_DATA LISTING_
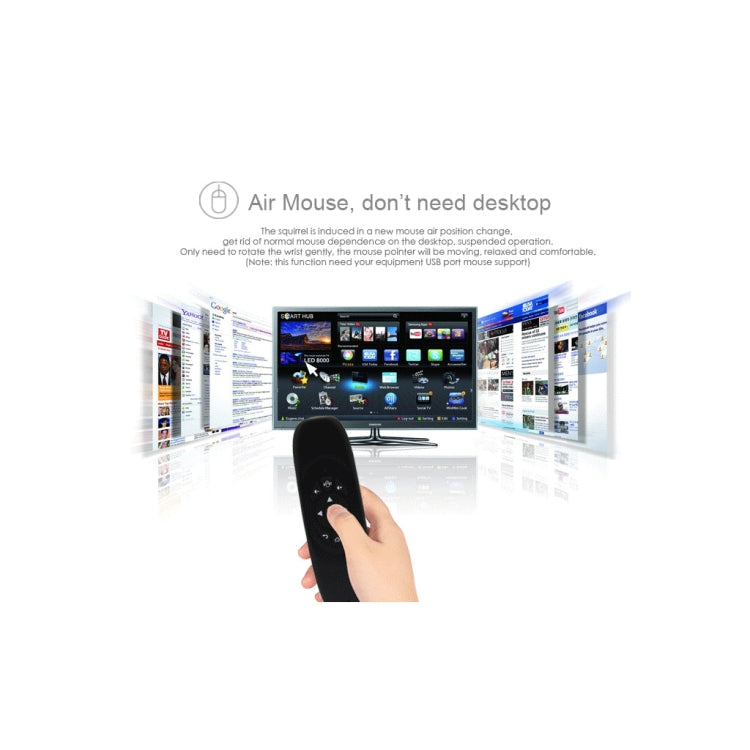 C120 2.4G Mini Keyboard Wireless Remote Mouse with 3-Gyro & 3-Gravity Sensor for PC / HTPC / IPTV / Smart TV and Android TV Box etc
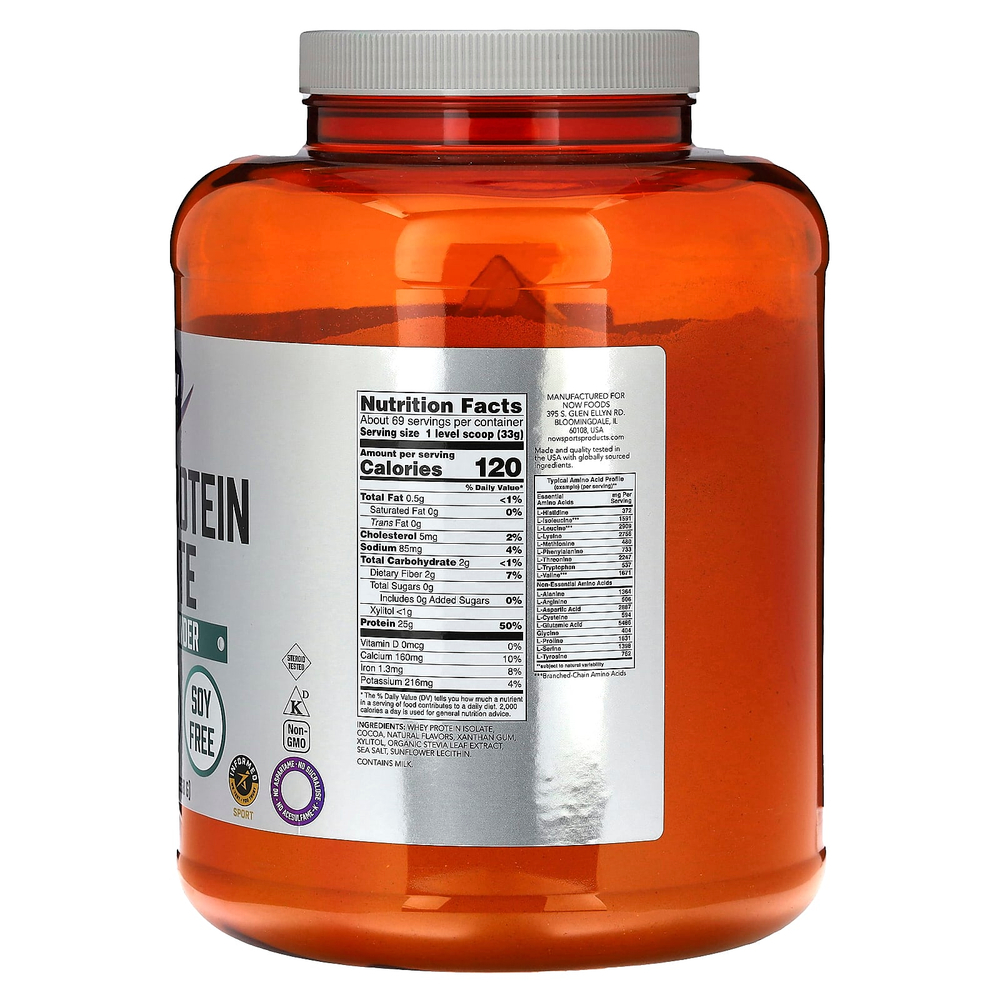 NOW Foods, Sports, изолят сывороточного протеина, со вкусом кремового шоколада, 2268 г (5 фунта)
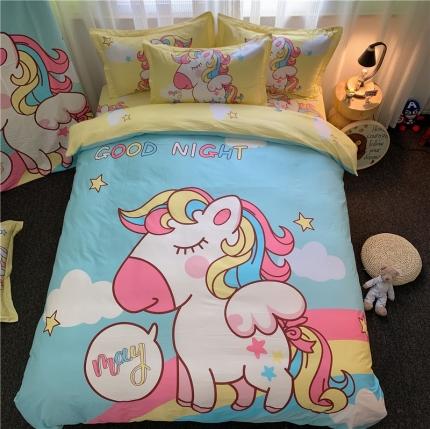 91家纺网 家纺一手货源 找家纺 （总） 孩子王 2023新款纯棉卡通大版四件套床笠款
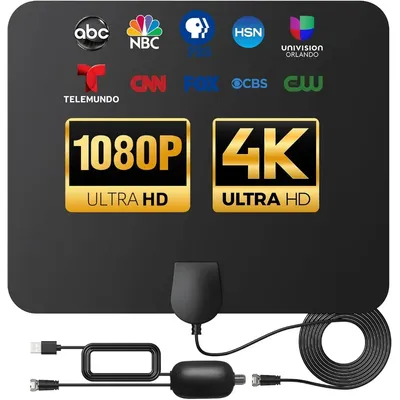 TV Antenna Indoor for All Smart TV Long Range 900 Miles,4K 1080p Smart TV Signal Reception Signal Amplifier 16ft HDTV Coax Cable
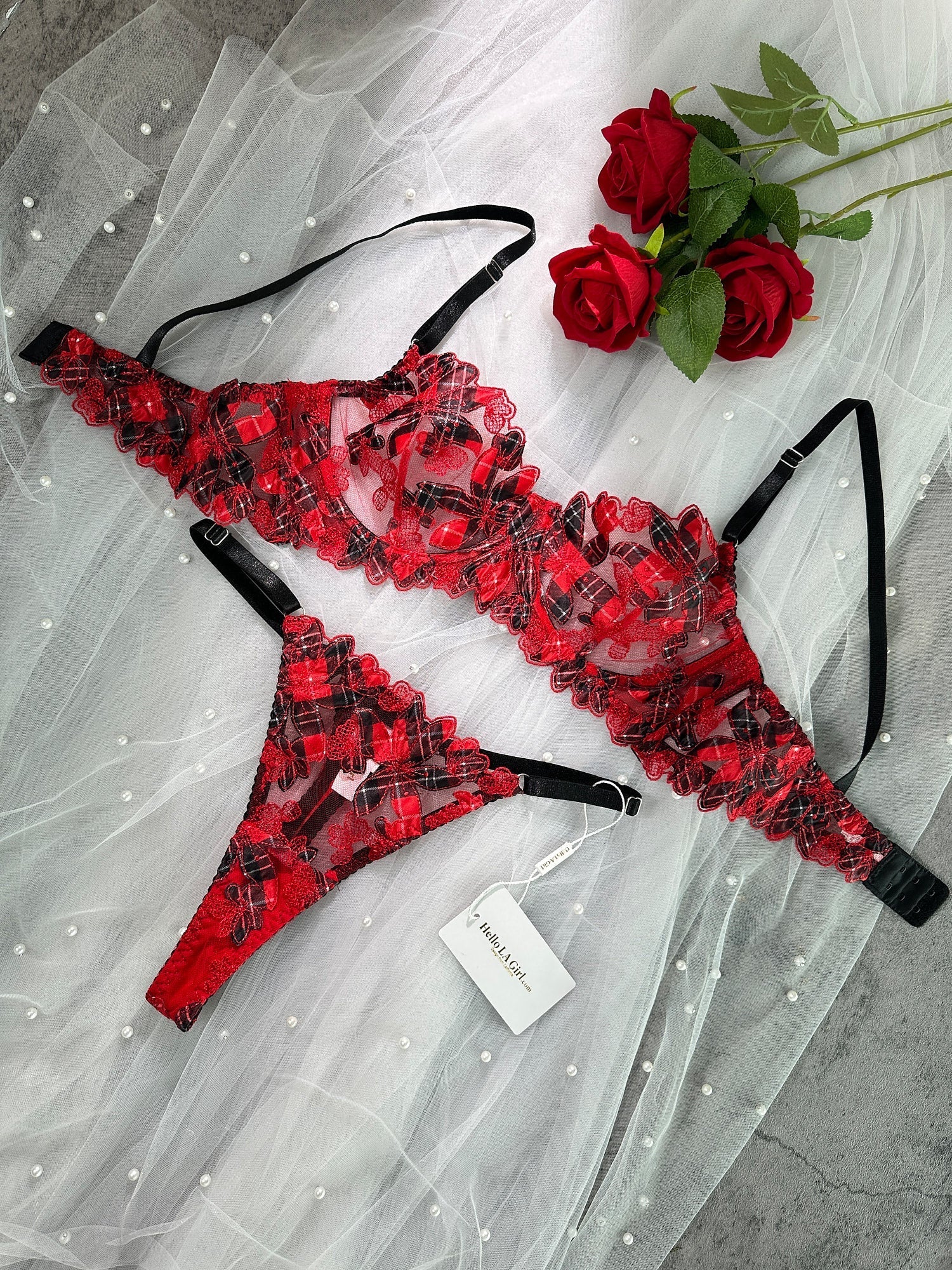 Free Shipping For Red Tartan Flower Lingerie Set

==

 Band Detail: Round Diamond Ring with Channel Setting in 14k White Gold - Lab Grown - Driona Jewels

==

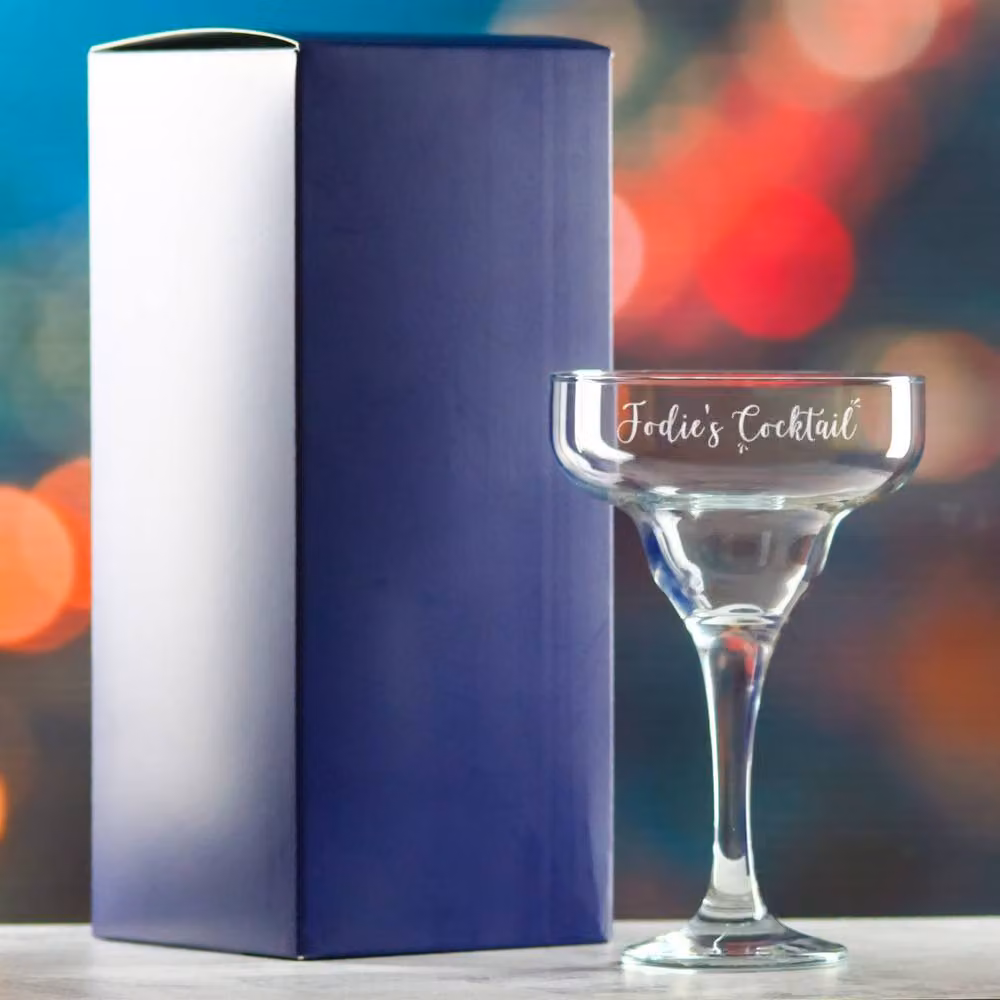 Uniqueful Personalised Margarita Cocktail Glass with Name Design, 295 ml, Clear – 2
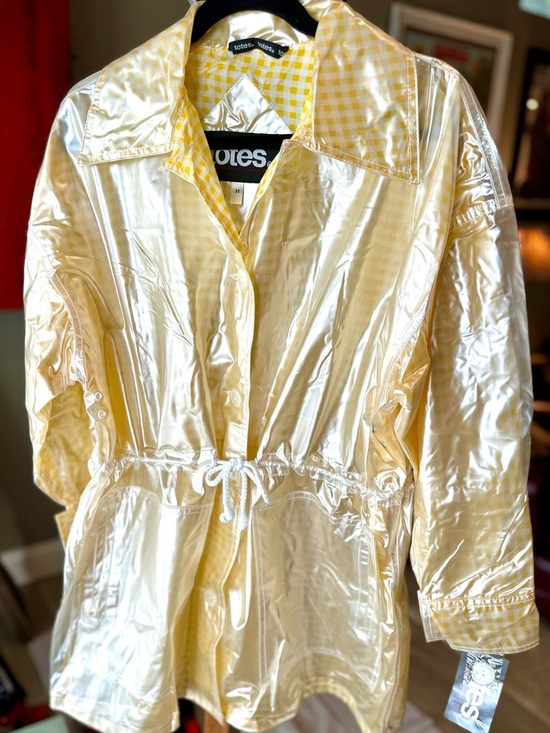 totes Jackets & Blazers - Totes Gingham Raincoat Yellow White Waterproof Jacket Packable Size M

_ACTIVITY_
Could you repeat, exactly, only the lines above starting at the one that has "NOW Foods, Sports, изолят" and stopping after the one that has "Free Shipping For", without the pictures?

_RESPONSE AREA_
 NOW Foods, Sports, изолят сывороточного протеина, со вкусом кремового шоколада, 2268 г (5 фунта)
 91家纺网 家纺一手货源 找家纺 （总） 孩子王 2023新款纯棉卡通大版四件套床笠款
 TV Antenna Indoor for All Smart TV Long Range 900 Miles,4K 1080p Smart TV Signal Reception Signal Amplifier 16ft HDTV Coax Cable
 Free Shipping For Red Tartan Flower Lingerie Set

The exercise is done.